§ DIRECTIONS FOR THIS TASK
Print the listing below only from the line that has "Jcm 12 00076 g002 Jcm 12 00076 g002" through the line that has "CD38 Antibody (clone 32, Preservative Free)", exactly, and drop any picture.

═══

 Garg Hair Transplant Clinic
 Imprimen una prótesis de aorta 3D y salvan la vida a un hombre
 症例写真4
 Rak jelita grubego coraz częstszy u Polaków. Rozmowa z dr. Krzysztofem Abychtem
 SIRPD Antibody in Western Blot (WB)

═══

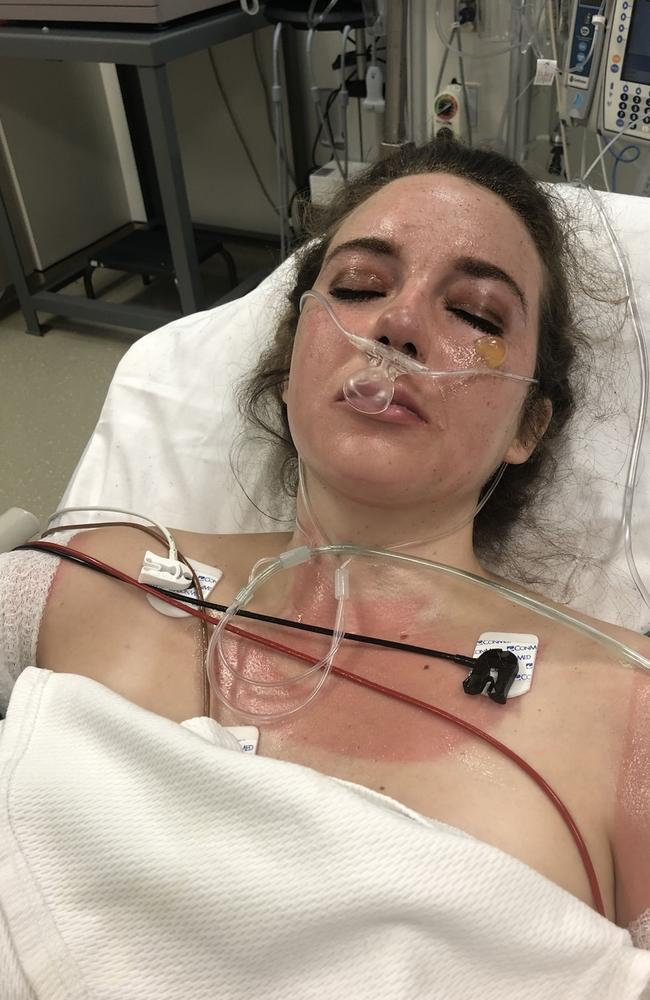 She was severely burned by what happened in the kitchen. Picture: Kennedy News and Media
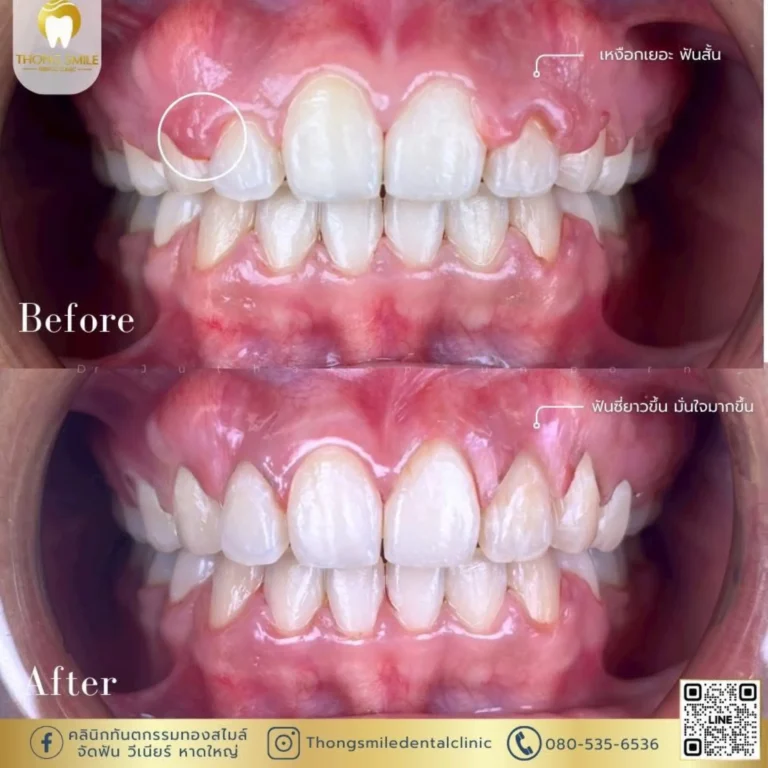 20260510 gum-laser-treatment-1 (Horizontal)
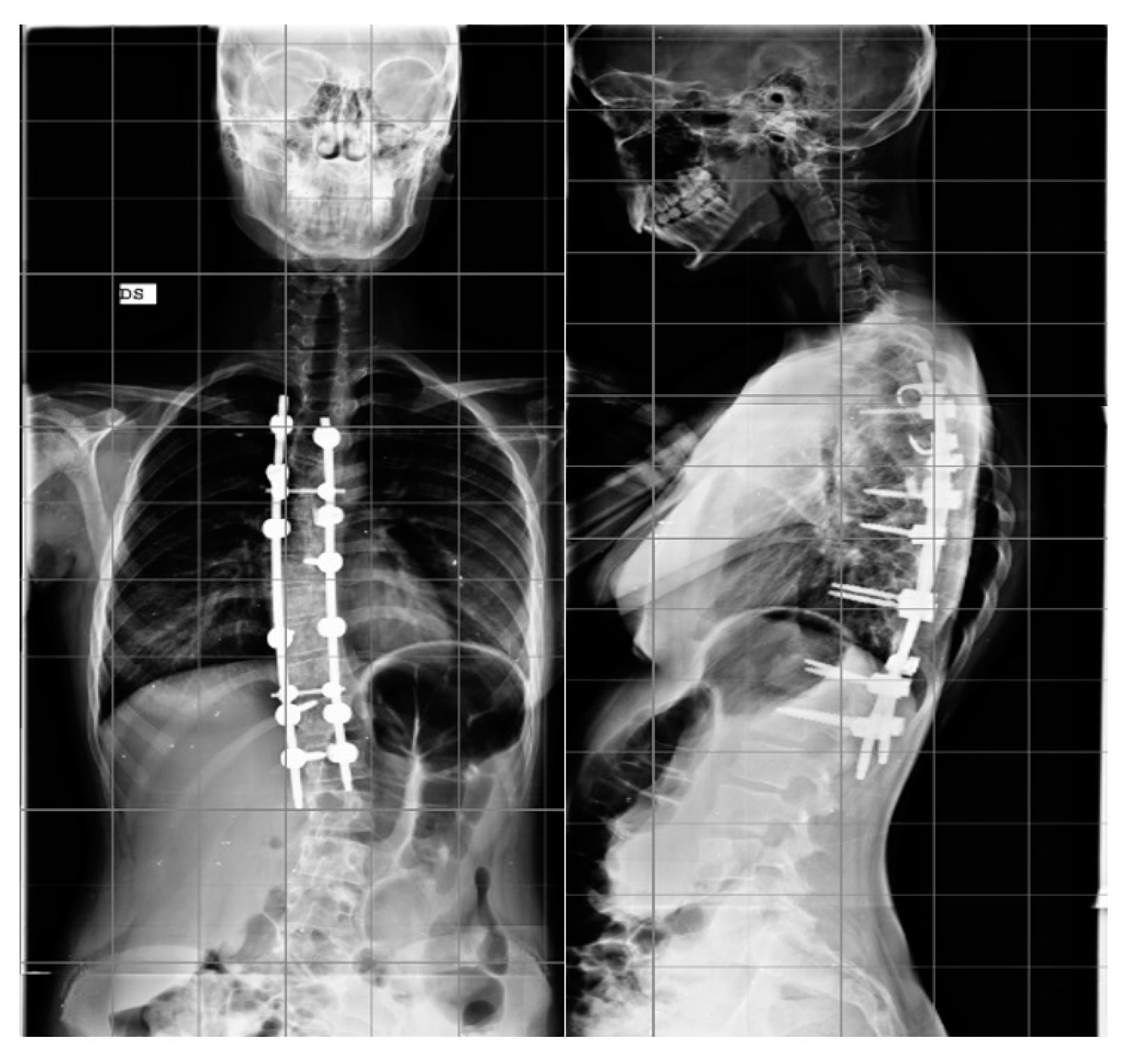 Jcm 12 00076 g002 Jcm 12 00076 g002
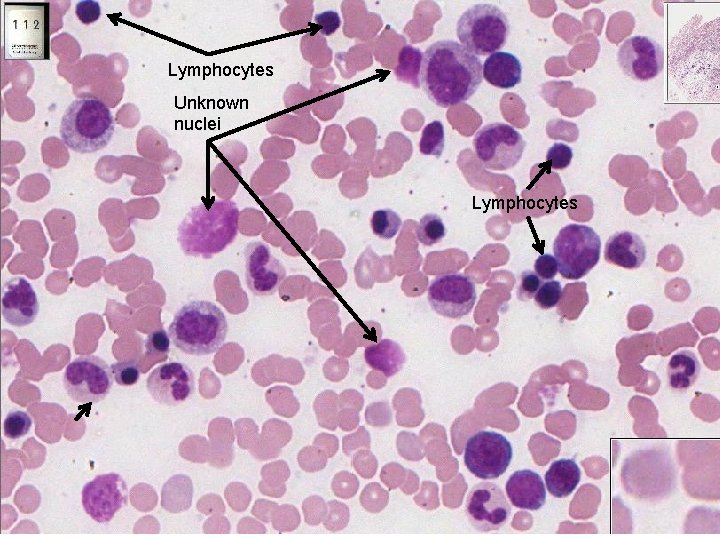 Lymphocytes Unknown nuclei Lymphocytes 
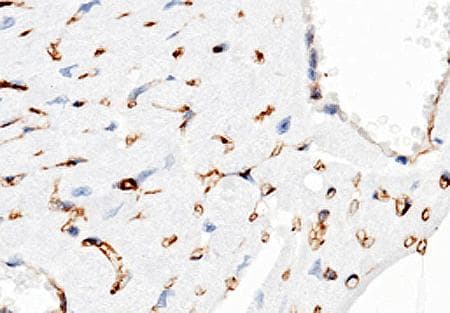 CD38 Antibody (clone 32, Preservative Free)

═══

§ EXPECTED ANSWER
 Jcm 12 00076 g002 Jcm 12 00076 g002
 Lymphocytes Unknown nuclei Lymphocytes 
 CD38 Antibody (clone 32, Preservative Free)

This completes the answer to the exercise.